Chang Fan | January 1, 2019
Responding To: Managing U.S.-China Cooperation and Competition
Entrusting the Future of U.S.-China Relations to Youth and Technology
When speaking about U.S.-China relations, we often reason from a high-level, state-centric point of view. According to classical international relations theory, the rise of an increasingly powerful China can only be seen as a challenge to the existing system of American hegemony. In light of the trade war and tensions in the South China Sea, Georgetown SFS faculty experts recently suggested that an atmosphere of competition has become the new normal in U.S.-China relations. However, a vision of cooperation rather than competition is necessary for a future in which China and the United States can work together on the most pressing global issues. The good news is that this vision is easily accessible, given a change of perspective from that of the state to that of the common people. From the perspectives of both Chinese and American millennials, it is clear that the relationship between Chinese and American people contains more room for cooperation than ever before.
Compared to previous generations, young Chinese and Americans have greater cultural exposure and more favorable attitudes toward each other. According to a recent survey conducted by Pew Research Center, 49% of American 18- to 29-year-olds have a favorable view of China, compared with only 37% of those ages 30 to 49. Experts interpret this as part of a larger global trend in which younger people feel less anxious about international competition and more positive toward foreign powers. The same can be said for young Chinese adults, who have grown up with far more exposure to American culture than their parents’ generation. In recent years, educational exchanges have proliferated between the two countries, with mainland Chinese now accounting for 1 out of 3 foreign students in the United States and joint programs in China becoming the norm for top U.S. universities. Many Chinese millennials are well travelled and well exposed to international culture, allowing them to hold a positive view of the United States, while maintaining their own distinctive beliefs.
In addition to cultural awareness, another driver of cooperation is the amount of communication made possible by digital technology and social media. Technology can be a powerful tool to bridge the gap between Chinese and Americans, due to its widespread usage and unprecedented ability to amplify public opinion. Discussion of technology in China often hones in on the censorship that limits access to Western media and prohibits the spread of information. Americans are shocked by the reality that China’s web users are blocked from using Google, Facebook, Twitter, and Instagram, and researchers have expressed concern over Chinese students’ indifference towards accessing uncensored, politically sensitive information. However, ending the conversation here shrouds the bigger picture in which Chinese millennials are engaging with social and new media in ways not so different from their American counterparts. Though the platforms are domestic, Baidu, WeChat, and Weibo are similarly employed by Chinese youth to express their opinions on a range of social issues, with a reach and immediacy unmatched before the age of social media.

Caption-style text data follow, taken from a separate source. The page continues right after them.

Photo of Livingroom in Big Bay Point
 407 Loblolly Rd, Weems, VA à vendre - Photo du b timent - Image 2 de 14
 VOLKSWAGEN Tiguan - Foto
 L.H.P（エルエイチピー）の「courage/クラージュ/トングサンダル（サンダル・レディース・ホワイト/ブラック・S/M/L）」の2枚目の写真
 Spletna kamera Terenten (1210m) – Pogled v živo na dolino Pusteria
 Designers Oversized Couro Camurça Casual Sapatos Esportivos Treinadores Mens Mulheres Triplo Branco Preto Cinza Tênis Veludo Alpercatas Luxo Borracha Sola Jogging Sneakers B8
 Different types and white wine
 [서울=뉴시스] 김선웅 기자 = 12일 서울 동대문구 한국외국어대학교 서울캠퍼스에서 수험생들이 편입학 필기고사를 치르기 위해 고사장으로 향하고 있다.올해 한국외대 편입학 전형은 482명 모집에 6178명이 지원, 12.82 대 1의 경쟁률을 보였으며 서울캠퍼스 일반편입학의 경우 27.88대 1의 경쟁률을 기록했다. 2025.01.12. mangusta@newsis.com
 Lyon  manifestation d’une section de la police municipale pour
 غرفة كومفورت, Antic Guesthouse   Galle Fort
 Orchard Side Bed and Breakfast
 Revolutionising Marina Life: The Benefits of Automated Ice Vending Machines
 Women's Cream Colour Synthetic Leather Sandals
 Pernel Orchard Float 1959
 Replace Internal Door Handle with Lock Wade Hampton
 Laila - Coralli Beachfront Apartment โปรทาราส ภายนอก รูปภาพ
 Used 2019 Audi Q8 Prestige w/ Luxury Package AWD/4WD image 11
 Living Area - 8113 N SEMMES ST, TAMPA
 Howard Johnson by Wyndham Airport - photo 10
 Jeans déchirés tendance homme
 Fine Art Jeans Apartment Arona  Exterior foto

Social media is a 21st century experience shared intimately by both Chinese and Americans. It has proven to be a formidable tool to amplify the people’s voice, hold powerful institutions accountable, and drive change. From the recent Dolce & Gabbana scandal that forced the global luxury brand to cancel its runway show and suffer a boycott in the Chinese market, to a group of young Communist graduates protesting in August for greater worker protections in Huizhou, social media is being used to voice the concerns of young people in China as it is in the US. New content technologies such as the viral video app, Douyin, have become so popular in China that more than 500 government agencies have begun posting videos on the app to ensure that the public hears the official voice.
Young people on social media focus less on international competition and more on progress, in areas such as innovation, education, and humanitarianism. Collaborations regarding technology and youth are particularly common, such as the U.S.-China Youth Forum on Entrepreneurship and Innovation sponsored by the State Department and the 2017 China-U.S. Young Maker Summit hosted by New York University. As young people increasingly cross physical and digital boundaries to live, study, and work with one another, the cultural rapport built between two peoples will serve as a stronger buffer against any fearmongering or hawkish rhetoric of the future. Of course, Georgetown’s U.S.-China Student Fellows program itself is a great example of building cultural and relational ties between Chinese and American youth and investing in a more collaborative future.